Silent_Buddha
Legend
It does lock people to buying network content though, which should mean higher long-term revenues I'd have thought. Indeed, the situation could have seen deliberately tying more people into a download only console as the only option to get a PS5 if they were produced as a significant proportion. From that perspective, seems odd to me Sony didn't try for that.
Incidentally, how much effort would it be to add a drive to PS5 Digital? Hardware is identical but I know you can't just plug one in. That suggests a firmware/hardware block to prevent the upgrade, suggesting Sony want to keep All Digitals all digital and not allow users to swap to disc-based gaming.
That's a valid point. And as more users switch to digital purchases that'll likely become an increasingly important position. However, currently digital versus physical is more evenly split on PlayStation than it is on other platforms.
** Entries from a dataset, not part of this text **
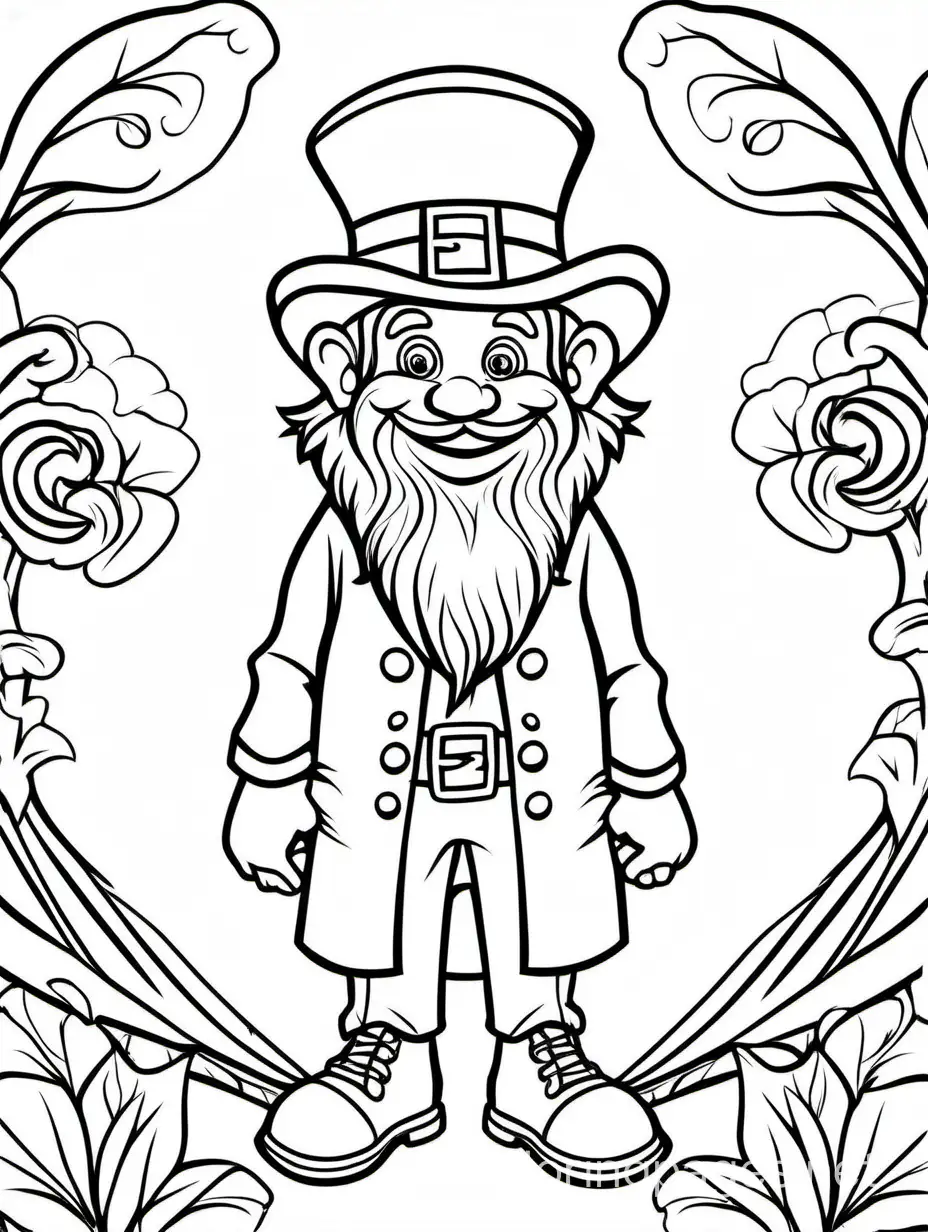 Leprechaun for kids
, Coloring Page, black and white, line art, white background, Simplicity, Ample White Space. The background of the coloring page is plain white to make it easy for young children to color within the lines. The outlines of all the subjects are easy to distinguish, making it simple for kids to color without too much difficulty
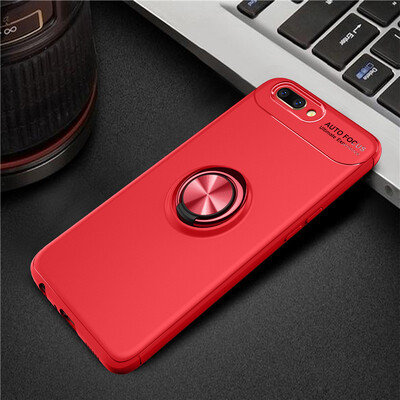 

OPPO R11 Luxury Metal Ring Magnetic Bracket Shockproof Cooling TPU Phone Case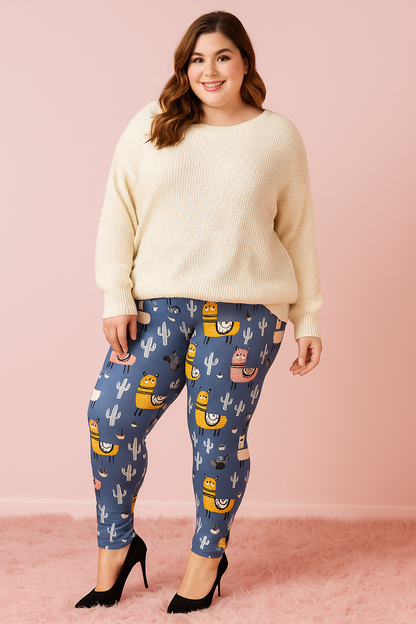 Legging lamas et cactus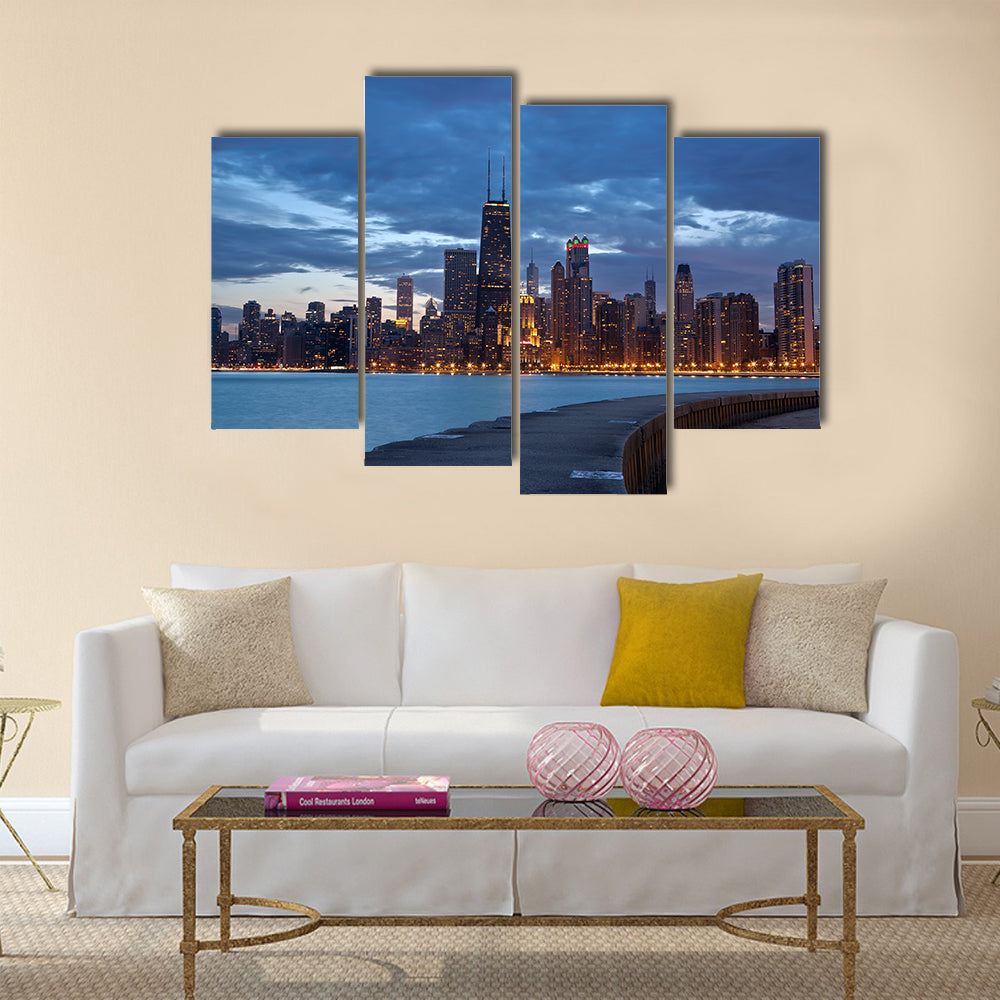 The Beauty Of The Twilight Blue Hour At City Of The Chicago Multi Panel Canvas Wall Art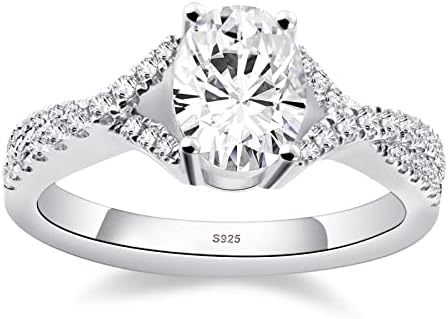 Moissanite Engagement Ring for Women, 18K White Gold Plated 925 Sterling Silver Twisted Vine Promise Rings, 2CT D Color VVS1 Clarity Lab Grown Oval Cut Diamond Anniversary Wedding Ring for Her Gift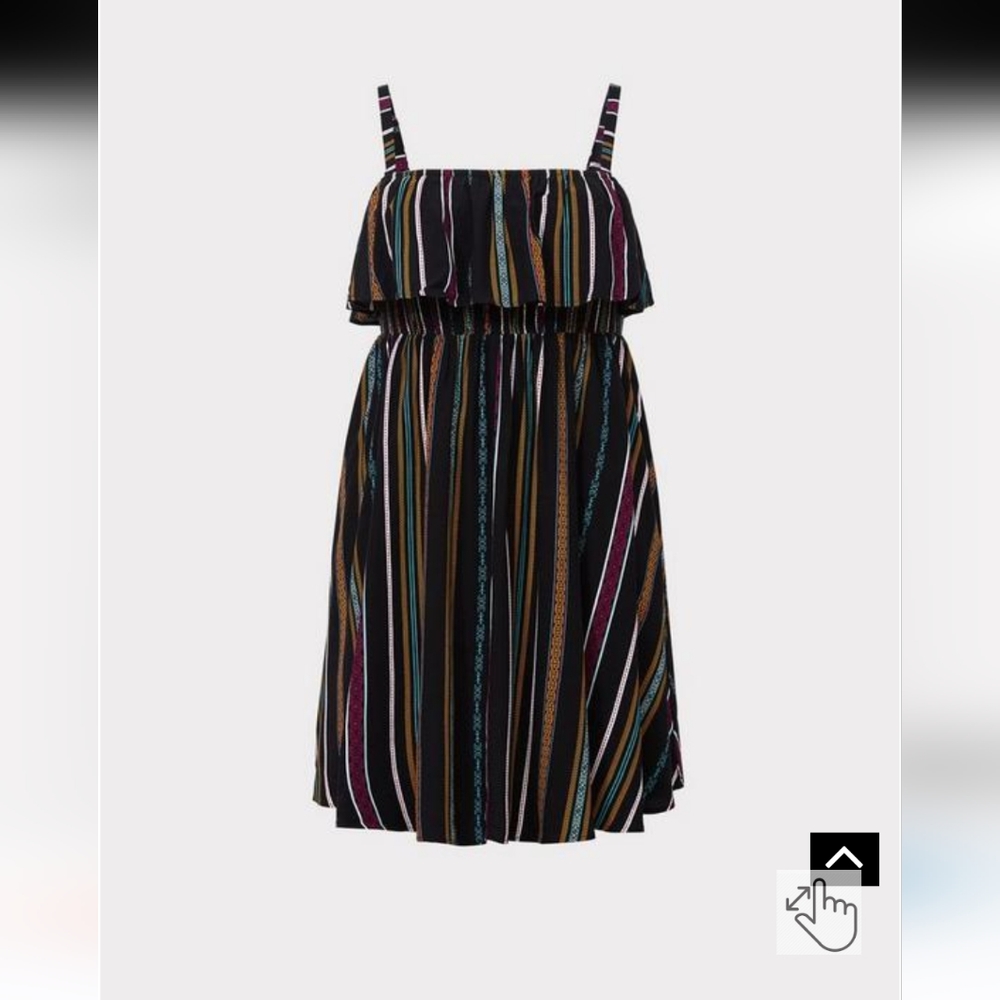 Torrid Black & Multi Stripe Challis Skater Dress  Size 2 NWOT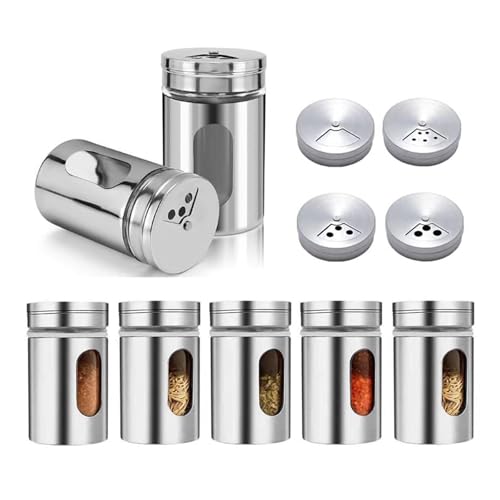 NIYATA 7 Stück Gewürzgläser mit Streueinsatz Rund,8CM Gewürzdosen Edelstahl,3 Streugrößen,Mit 1 Schwamm-Reinigungsbürste,Küchen Organizer,für Gewürze & Kräuterdosen(Silber)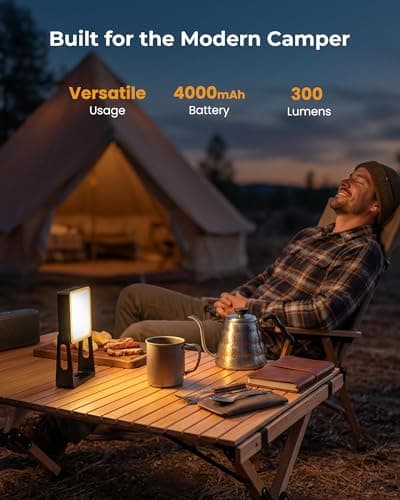 Portable LED Camping Light, 3 Modes,Rechargeable 4000mAh Dimmable Camping Lantern with 360° Rotatable Stand, 2-in-1 Flashlight Emergency Camping Lamp for Home Power Outages, Outdoor Hiking,Hurricane — view 2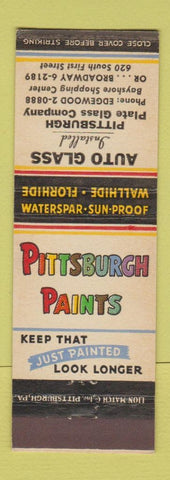 Matchbook Cover - Pittsburgh Paints Auto Glass Pittsburgh? PA?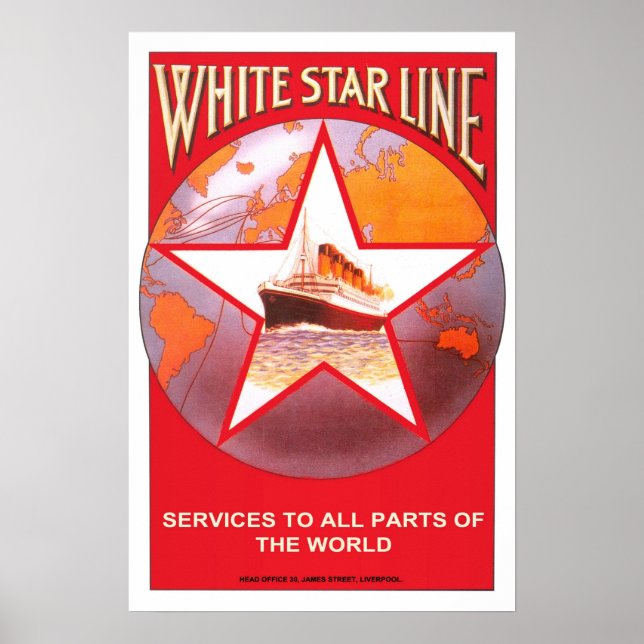 Póster Viagens vintage,Linha White Star (Frente)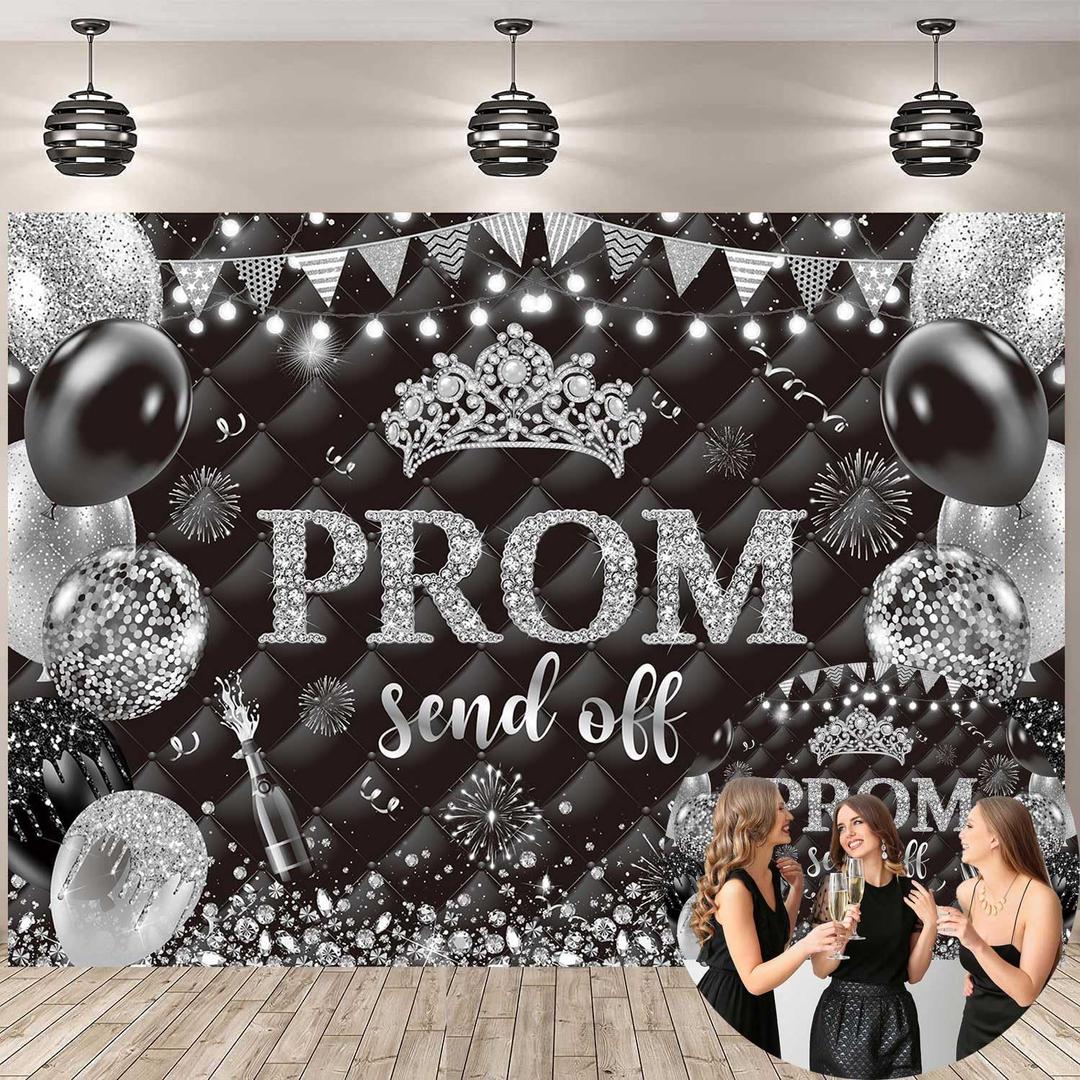 Prom Send Off 2026 Backdrop 7x5FT Black and Silver Balloon Champagne Crown Congrats Grad Photography Background 2026 Celebrate Graduation Party Decorations Supplies Photo Props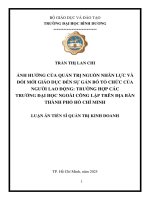 Tóm tắt Ảnh hưởng của quản trị nguồn nhân lực và Đổi mới giáo dục Đến sự gắn bó tổ chức của người lao Động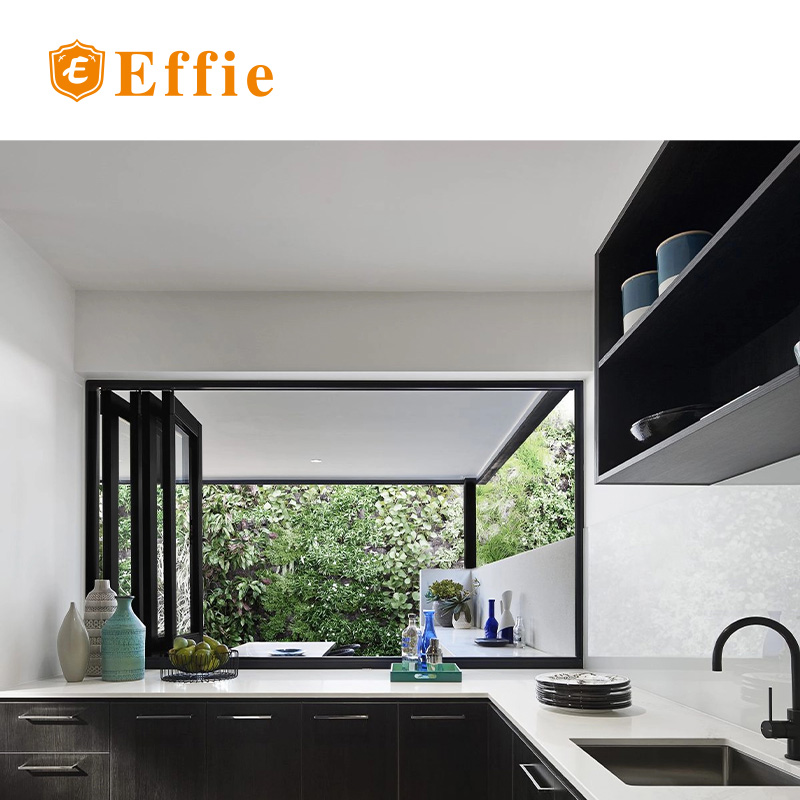 Soundproof Double Glazed Aluminum Folding Windows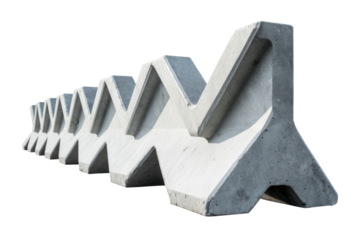 Concrete barrier row isolated on transparent png background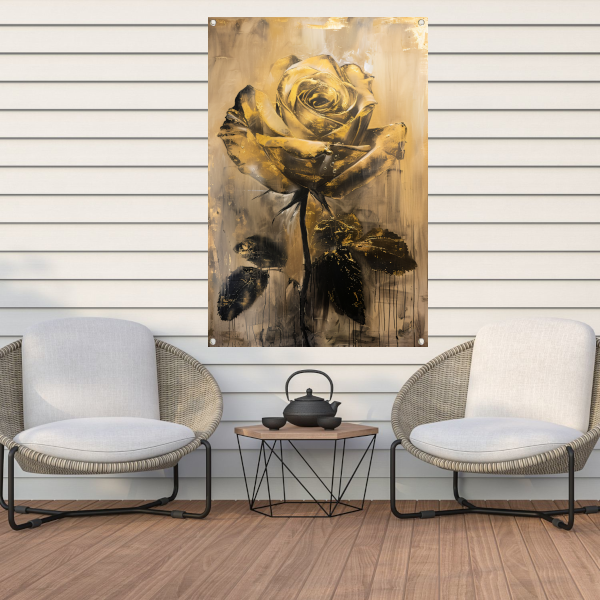 Abstracte Gouden Roos op Beige Achtergrond tuinposter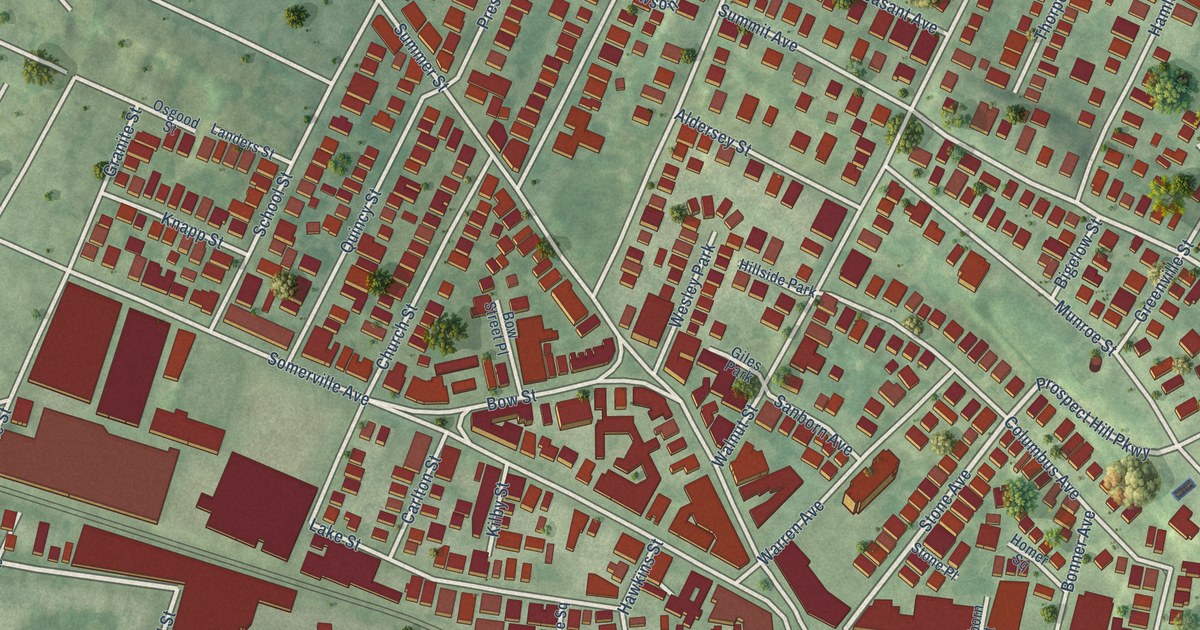 Detailed Map of Union Square, Massachusetts
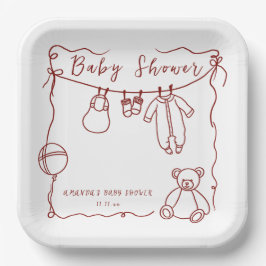 手引き赤ちゃん服の赤ちゃんシャワー ペーパープレート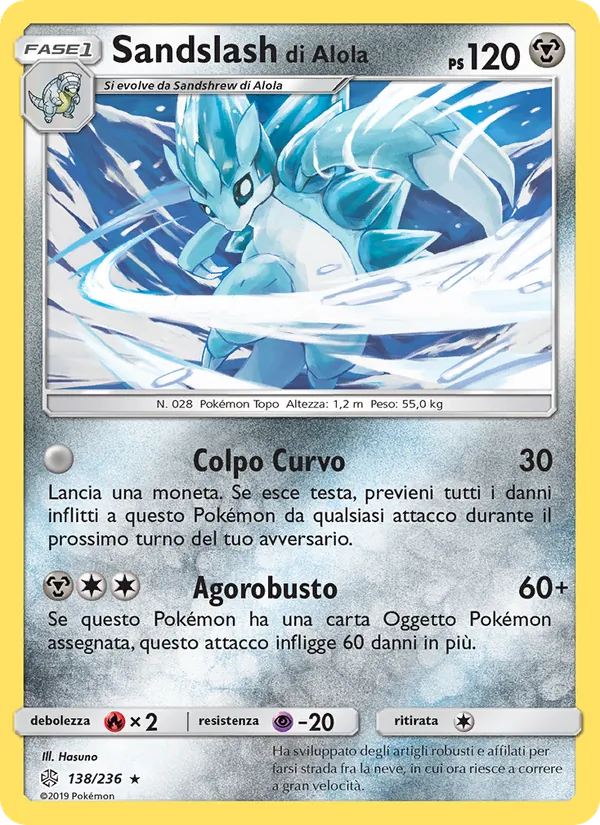 Sandslash di Alola Eclissi Cosmica 138/236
PC is all digital while Xbox is significantly more digital than physical. That makes the value proposition of a diskless PS5 much less clear cut than it is for XBS consoles (I'm actually surprised that MS doesn't offer a diskless XBS-X).
Sony may not yet be at quite the point where they think the lower profit (or higher loss) generated by the diskless version is more than made up for by digital purchase lock-in. If they were, I'd imagine they'd allocate more PS5 production to the diskless version than they are currently doing.
Perhaps they think that once the pandemic is "over" that buying habits of PlayStation owners will shift towards physical again. Although, I personally don't think that will happen and I doubt that Sony thinks that either.